Le Mittelstand, fer de lance de l’économie allemande

On entend souvent parler de l’économie allemande comme modèle à suivre. 4ème économie mondiale, 3ème exportateur mondial, 8 % des parts de marché mondial. Qu’est-ce qui lui vaut un tel succès ?

Les PME sont le moteur de l'économie allemande

Le terme « Mittelstand » est une particularité de l’économie allemande et se définit par une propriété et une gouvernance unique et le plus souvent familiale. Ce n’est donc pas la taille d’une entreprise qui détermine son appartenance au Mittelstand mais d’autres critères :

  • Le propriétaire de l’entreprise exerce une influence personnelle décisive,
  • il assume la gestion du risque, et
  • l’entreprise est autonome financièrement.

Selon la définition de l’IfM Bonn (Institut für Mittelstandsforschung), les termes « Mittelstand », « entreprise familiale » et « entreprise gérée par son propriétaire » sont synonymes alors que « Mittelstand » et « PME » ne le sont pas.

Étant donné qu’il est difficile de comptabiliser les entreprises faisant partie du Mittelstand à partir des critères cités ci-dessus (gestion, propriété, indépendance économique), les statistiques utilisent les bases des données des PME telles que définies par l’IfM Bonn (entreprises de moins de 500 salariés – contrairement à 250 salariés en France – avec un CA annuel de moins de 50 millions d’euros) pour faire leurs calculs. La majorité des PME remplissent les critères du concept de Mittelstand, tout comme certaines grandes entreprises.

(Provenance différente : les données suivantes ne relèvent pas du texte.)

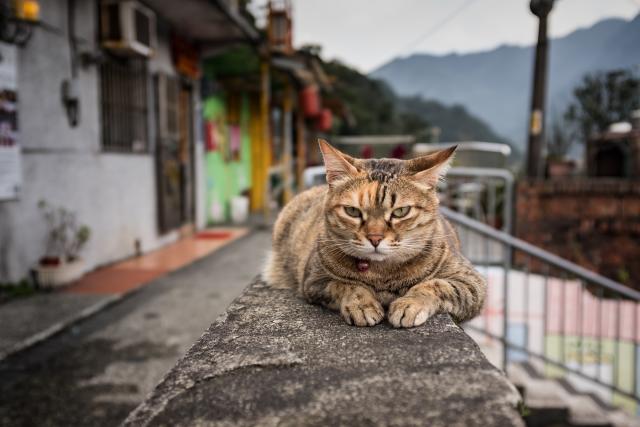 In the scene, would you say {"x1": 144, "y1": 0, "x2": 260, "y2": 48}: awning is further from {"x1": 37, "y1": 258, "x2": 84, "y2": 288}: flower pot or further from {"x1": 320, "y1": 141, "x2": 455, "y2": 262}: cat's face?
{"x1": 320, "y1": 141, "x2": 455, "y2": 262}: cat's face

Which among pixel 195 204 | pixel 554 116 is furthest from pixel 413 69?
pixel 195 204

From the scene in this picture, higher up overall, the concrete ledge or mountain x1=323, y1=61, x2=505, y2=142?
mountain x1=323, y1=61, x2=505, y2=142

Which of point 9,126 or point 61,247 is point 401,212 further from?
point 61,247

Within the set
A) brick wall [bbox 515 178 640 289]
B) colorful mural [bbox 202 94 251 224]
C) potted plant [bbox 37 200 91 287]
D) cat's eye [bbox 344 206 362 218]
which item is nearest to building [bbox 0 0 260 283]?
potted plant [bbox 37 200 91 287]

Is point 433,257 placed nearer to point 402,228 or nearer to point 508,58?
point 402,228

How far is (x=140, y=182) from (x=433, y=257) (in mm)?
7134

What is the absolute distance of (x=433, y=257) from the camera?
2.02 metres

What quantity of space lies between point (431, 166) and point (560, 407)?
179 inches

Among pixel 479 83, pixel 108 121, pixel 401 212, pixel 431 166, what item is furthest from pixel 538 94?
pixel 479 83

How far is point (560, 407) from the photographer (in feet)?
17.4

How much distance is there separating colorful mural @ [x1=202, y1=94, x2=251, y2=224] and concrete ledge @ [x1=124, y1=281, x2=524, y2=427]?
1025cm

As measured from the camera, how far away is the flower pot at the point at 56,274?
5801 millimetres

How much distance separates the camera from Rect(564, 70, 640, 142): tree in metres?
21.3

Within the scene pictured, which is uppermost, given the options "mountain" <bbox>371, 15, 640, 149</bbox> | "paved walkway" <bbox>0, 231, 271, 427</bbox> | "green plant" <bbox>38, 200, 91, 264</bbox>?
"mountain" <bbox>371, 15, 640, 149</bbox> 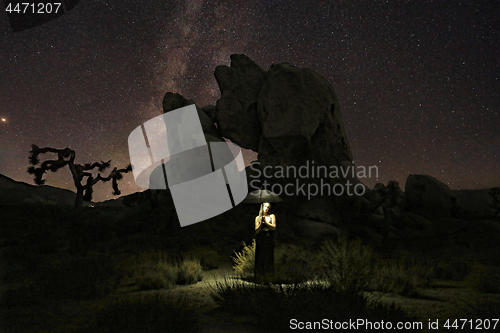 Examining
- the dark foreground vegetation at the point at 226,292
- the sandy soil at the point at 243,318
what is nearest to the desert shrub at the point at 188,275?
the dark foreground vegetation at the point at 226,292

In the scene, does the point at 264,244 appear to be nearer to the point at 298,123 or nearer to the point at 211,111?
the point at 298,123

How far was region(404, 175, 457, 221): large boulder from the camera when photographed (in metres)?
24.9

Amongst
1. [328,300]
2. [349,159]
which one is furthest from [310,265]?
[349,159]

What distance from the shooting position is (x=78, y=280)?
7578 mm

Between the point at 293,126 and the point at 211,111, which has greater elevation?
the point at 211,111

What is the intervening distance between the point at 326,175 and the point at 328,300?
15836 mm

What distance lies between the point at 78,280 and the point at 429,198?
89.2 ft

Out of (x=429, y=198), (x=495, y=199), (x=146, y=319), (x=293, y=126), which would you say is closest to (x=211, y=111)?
(x=293, y=126)

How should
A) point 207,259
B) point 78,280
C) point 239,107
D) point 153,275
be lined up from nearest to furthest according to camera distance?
1. point 78,280
2. point 153,275
3. point 207,259
4. point 239,107

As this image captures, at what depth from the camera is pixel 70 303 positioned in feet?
21.6

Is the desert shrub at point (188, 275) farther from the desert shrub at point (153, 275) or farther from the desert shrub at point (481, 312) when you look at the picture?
the desert shrub at point (481, 312)

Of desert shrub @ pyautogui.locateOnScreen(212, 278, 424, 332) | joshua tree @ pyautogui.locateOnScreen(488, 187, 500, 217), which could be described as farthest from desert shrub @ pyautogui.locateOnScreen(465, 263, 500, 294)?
joshua tree @ pyautogui.locateOnScreen(488, 187, 500, 217)

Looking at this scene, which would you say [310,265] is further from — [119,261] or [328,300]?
[119,261]

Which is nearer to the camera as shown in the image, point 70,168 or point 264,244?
point 264,244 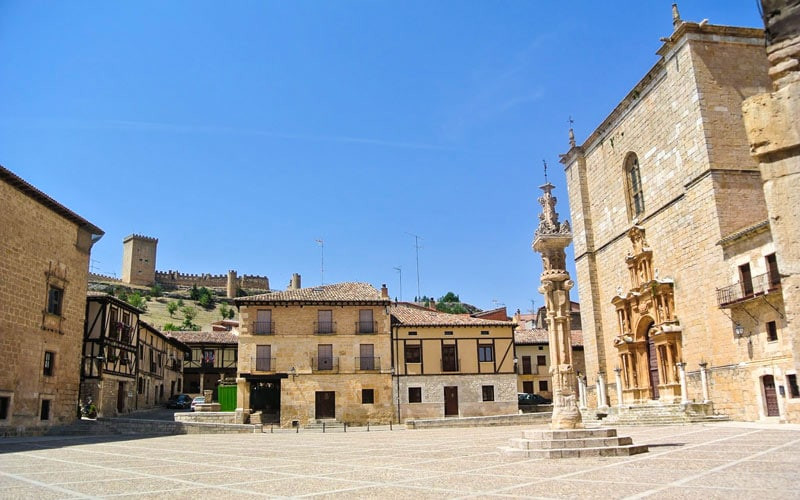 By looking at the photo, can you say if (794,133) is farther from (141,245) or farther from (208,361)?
(141,245)

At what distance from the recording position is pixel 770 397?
16.7 m

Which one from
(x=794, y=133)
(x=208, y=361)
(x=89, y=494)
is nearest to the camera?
(x=794, y=133)

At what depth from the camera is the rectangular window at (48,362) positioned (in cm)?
2356

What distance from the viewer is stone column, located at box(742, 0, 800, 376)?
3594mm

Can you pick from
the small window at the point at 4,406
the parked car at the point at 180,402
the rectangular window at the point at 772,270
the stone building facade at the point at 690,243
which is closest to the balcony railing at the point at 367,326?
the stone building facade at the point at 690,243

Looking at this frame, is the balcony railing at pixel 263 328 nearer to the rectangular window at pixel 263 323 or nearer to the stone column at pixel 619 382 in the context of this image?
the rectangular window at pixel 263 323

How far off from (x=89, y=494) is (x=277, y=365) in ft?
79.1

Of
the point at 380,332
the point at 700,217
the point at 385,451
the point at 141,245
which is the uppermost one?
the point at 141,245

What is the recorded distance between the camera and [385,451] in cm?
1305

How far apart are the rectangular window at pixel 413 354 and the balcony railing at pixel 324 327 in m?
4.20

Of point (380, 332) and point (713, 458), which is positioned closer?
point (713, 458)

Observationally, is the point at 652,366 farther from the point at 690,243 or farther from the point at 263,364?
the point at 263,364

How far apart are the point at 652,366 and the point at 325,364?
15904 millimetres

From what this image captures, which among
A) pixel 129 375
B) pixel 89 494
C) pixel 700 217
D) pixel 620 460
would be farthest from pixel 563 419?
pixel 129 375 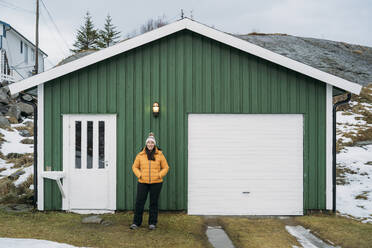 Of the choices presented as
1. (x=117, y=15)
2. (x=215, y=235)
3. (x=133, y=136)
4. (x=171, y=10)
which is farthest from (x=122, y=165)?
(x=117, y=15)

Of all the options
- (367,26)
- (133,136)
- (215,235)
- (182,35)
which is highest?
(367,26)

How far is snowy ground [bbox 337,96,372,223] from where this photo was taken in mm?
5988

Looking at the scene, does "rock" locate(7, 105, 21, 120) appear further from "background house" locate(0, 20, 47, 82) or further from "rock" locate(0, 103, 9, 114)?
"background house" locate(0, 20, 47, 82)

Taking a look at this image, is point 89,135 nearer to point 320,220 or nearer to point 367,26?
point 320,220

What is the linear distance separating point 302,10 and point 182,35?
44.0 meters

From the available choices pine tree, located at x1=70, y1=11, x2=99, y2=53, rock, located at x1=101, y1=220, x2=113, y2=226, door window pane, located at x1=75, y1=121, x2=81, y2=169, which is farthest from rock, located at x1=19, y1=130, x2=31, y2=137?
pine tree, located at x1=70, y1=11, x2=99, y2=53

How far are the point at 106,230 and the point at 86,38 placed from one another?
107ft

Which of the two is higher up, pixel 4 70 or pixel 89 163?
pixel 4 70

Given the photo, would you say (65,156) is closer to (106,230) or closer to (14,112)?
(106,230)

Pour simplifier, nous pouvons dire que le Mittelstand comprend les PME (de moins de 500 salariés) et les grandes entreprises familiales, c’est-à-dire gérées par leur propriétaire ou un membre de la famille.

Comparatif avec la France

Ci-dessous, vous pourrez trouver quatre graphiques que nous avons réalisés à partir des données 2019 publiées par l’INSEE en France et Statista en Allemagne. Les graphiques comparent le nombre d’entreprises selon leur taille entre la France et l’Allemagne. Nous pouvons observer un net écart dans la densité d’entreprises de taille moyenne, et plus particulièrement de grosses PME et ETI, en faveur de l’Allemagne.

En synthèse, la situation dans la tranche des TPE de moins de 10 salariés est comparable entre les deux pays, et dans le domaine des grands groupes dont l’effectif est supérieur à 5 000 salariés, le différentiel n’est pas significatif. En revanche, pour les PME et ETI entre 10 et 5 000 salariés, le rapport est quasiment de 1 pour 3.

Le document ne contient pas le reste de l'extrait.